### What this task involves
Below are some records. Output the lines from the first one through the line that holds "Save The Date", exactly as written, with no pictures.

### Task input
———

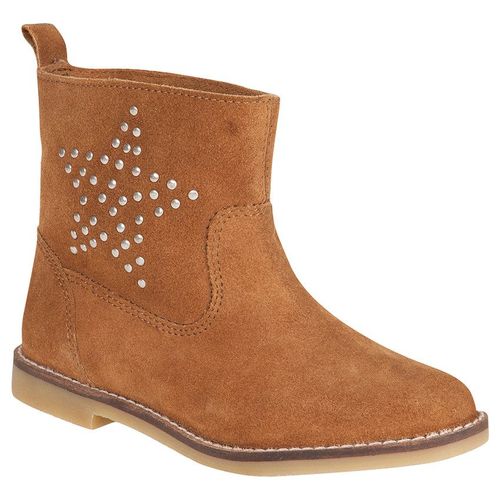 Chaussures Bottines En Cuir Suédé Camel Avectoile Rivets Métalliques Camel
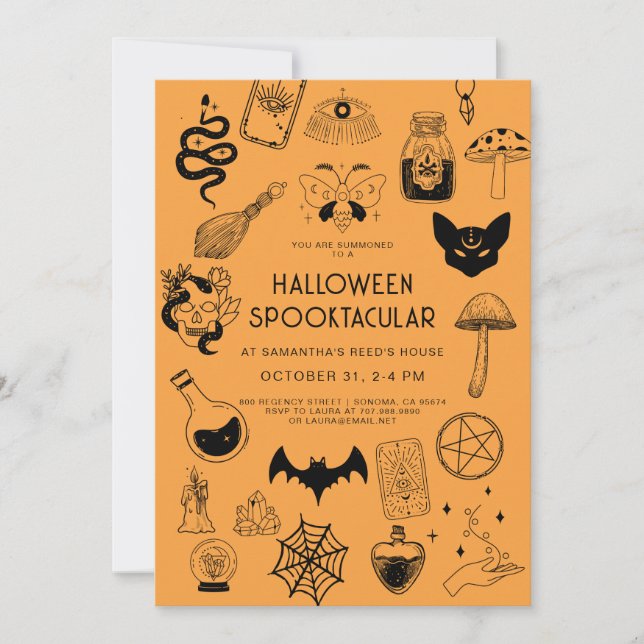 Sorcière Halloween Fête Invitation (Devant)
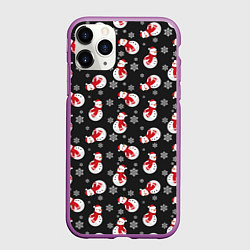 Чехол iPhone 11 Pro матовый Snowmen, цвет: 3D-фиолетовый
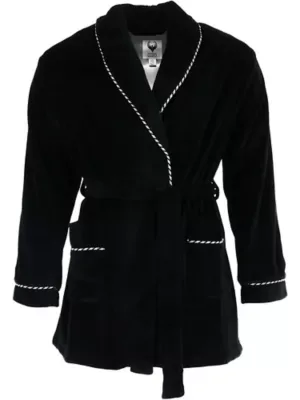 Velour Smoking Jacket with Satin Lining by Ascentix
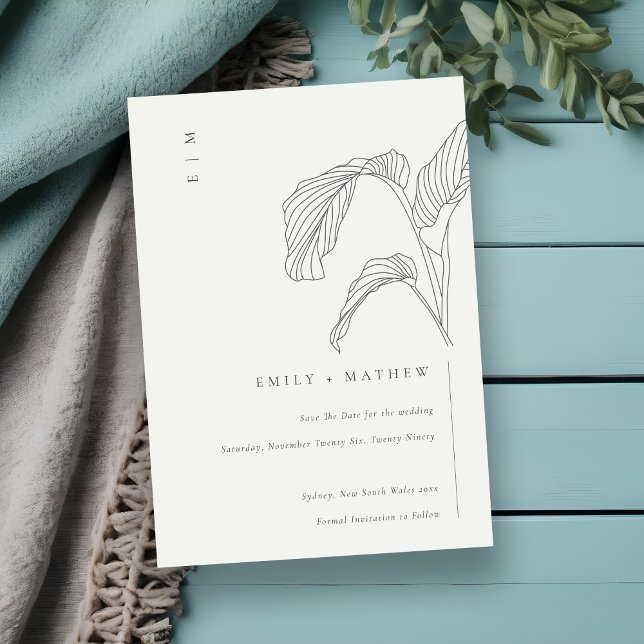 Save The Date Croquis feuille de palme Mariage noir et blanc (Créateur téléchargé)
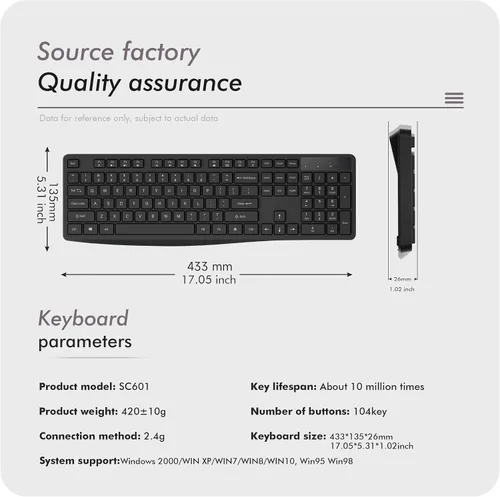 Vista 4 de UMILA - Combo de teclado y mouse inalámbricos de tamaño completo 2.4G, juego de mouse ergonómico UMILA, teclado USB inalámbrico ajustable de 3 DPI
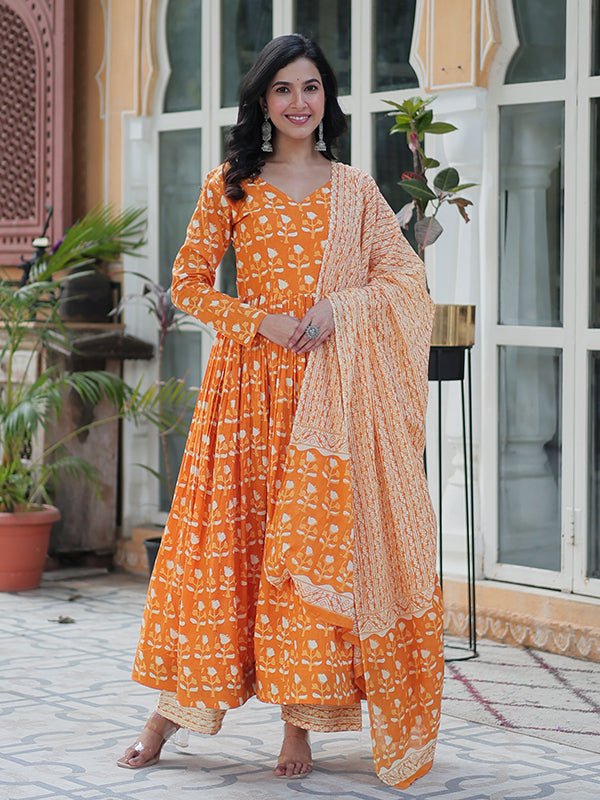 Orange Floral Printed Cotton Gown With Pant & Dupatta Set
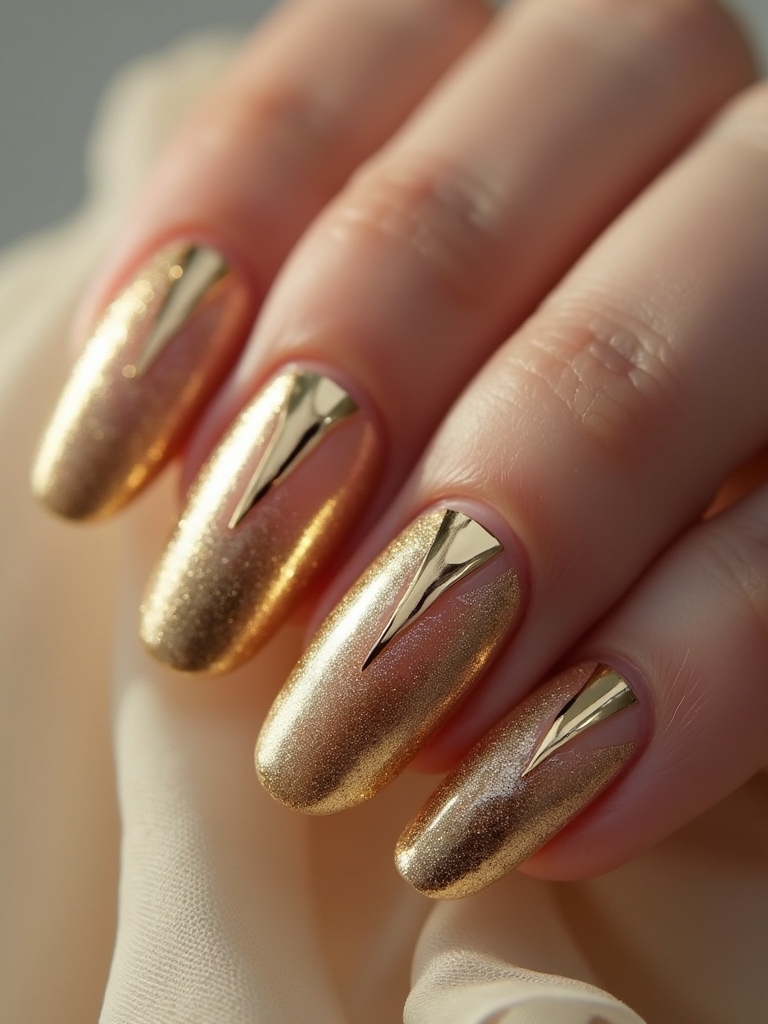 matte gold geometric nails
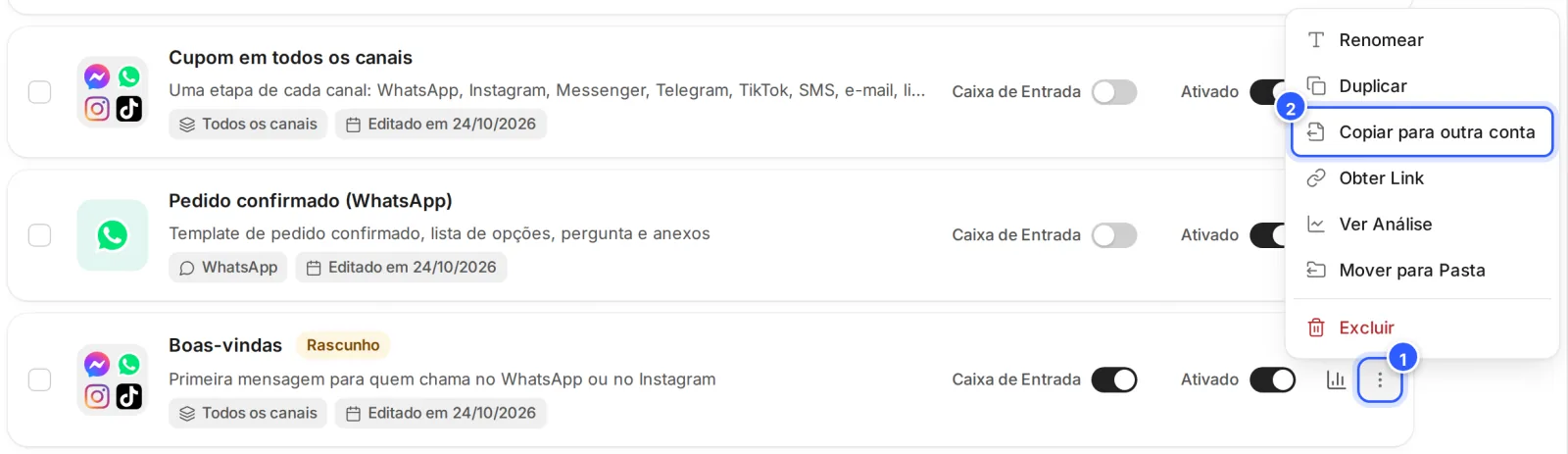 Menu de opções de um fluxo na lista, com Copiar para outra conta marcado.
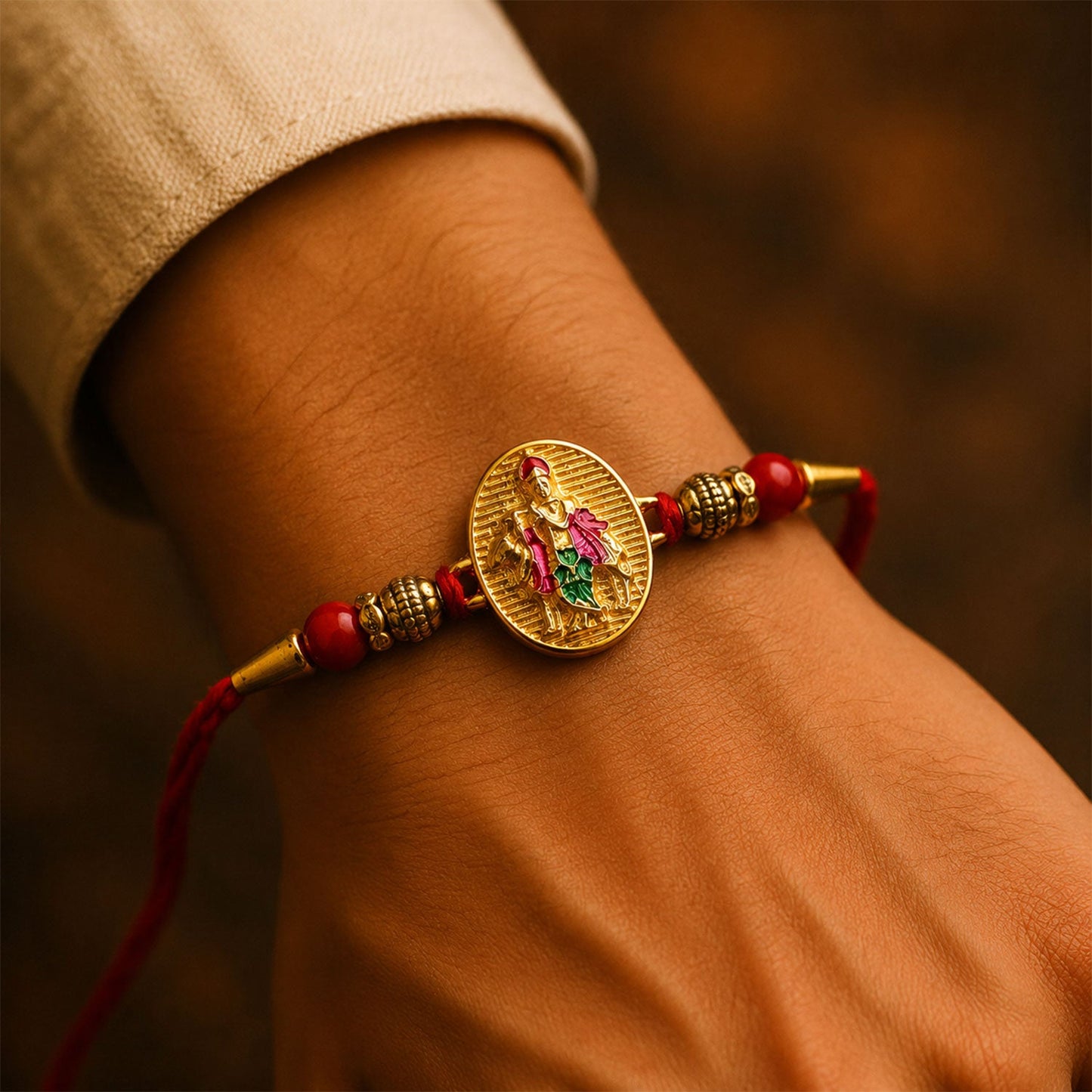 Dwarkadhish Krishna gold coin center of rakhi with red beads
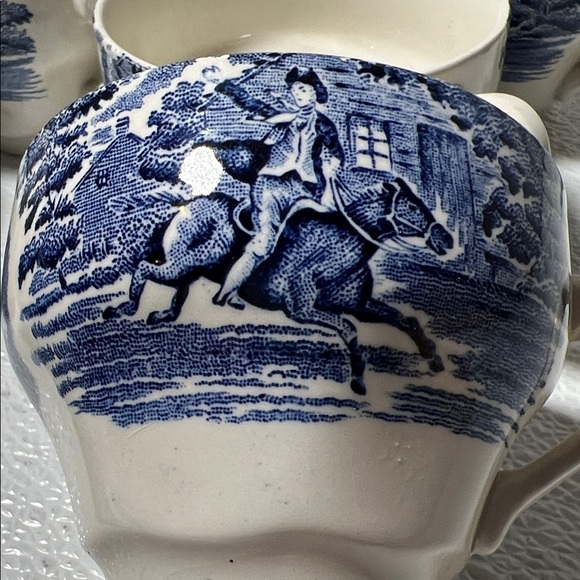 Vintage 1975 Liberty Blue 3.5" Teacup Historic Paul Revere-Set of 11 - Picture 2 of 5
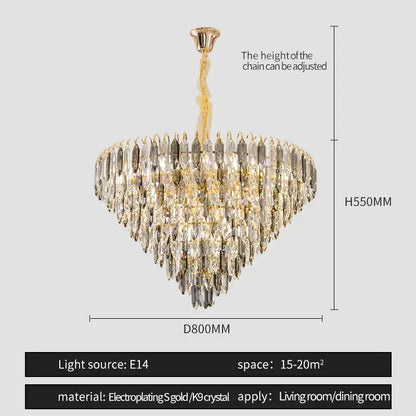 Modern heart shaped gold crystal chandelier living room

———

### Exercise solution
 Chaussures Bottines En Cuir Suédé Camel Avectoile Rivets Métalliques Camel
 Sorcière Halloween Fête Invitation (Devant)
 Чехол iPhone 11 Pro матовый Snowmen, цвет: 3D-фиолетовый
 Velour Smoking Jacket with Satin Lining by Ascentix
 Save The Date Croquis feuille de palme Mariage noir et blanc (Créateur téléchargé)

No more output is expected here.